:: TASK PROMPT ::
Exactly the line with "81 Wallpaper For" and the lines that follow it, through the closing line of the entries, should be restated, with nothing left out or added.

:: ENTRIES SHOWN ::

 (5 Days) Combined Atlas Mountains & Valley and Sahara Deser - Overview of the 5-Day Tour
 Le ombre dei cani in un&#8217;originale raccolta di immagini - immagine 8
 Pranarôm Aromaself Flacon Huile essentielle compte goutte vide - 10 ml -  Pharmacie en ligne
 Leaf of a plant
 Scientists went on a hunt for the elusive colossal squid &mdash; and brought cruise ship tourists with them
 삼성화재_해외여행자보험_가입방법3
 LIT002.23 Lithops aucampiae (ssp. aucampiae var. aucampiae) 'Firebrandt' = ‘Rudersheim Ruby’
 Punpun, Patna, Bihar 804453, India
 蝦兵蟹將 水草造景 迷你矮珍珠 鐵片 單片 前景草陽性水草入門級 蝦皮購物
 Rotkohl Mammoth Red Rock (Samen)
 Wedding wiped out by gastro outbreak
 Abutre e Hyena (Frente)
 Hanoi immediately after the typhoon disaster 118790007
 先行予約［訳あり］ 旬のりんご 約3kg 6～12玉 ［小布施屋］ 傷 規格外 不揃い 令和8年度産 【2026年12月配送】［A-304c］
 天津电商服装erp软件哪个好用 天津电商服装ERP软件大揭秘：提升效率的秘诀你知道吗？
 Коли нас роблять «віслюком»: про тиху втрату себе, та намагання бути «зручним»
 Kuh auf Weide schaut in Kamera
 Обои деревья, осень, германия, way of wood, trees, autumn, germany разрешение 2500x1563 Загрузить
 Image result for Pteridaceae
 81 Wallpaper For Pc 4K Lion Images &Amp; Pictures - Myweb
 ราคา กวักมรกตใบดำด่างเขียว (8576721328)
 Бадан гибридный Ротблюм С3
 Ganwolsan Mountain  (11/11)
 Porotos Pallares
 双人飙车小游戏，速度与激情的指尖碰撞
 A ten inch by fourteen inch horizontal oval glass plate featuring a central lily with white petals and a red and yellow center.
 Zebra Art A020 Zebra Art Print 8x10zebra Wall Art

:: WRITTEN ANSWER ::
 81 Wallpaper For Pc 4K Lion Images &Amp; Pictures - Myweb
 ราคา กวักมรกตใบดำด่างเขียว (8576721328)
 Бадан гибридный Ротблюм С3
 Ganwolsan Mountain  (11/11)
 Porotos Pallares
 双人飙车小游戏，速度与激情的指尖碰撞
 A ten inch by fourteen inch horizontal oval glass plate featuring a central lily with white petals and a red and yellow center.
 Zebra Art A020 Zebra Art Print 8x10zebra Wall Art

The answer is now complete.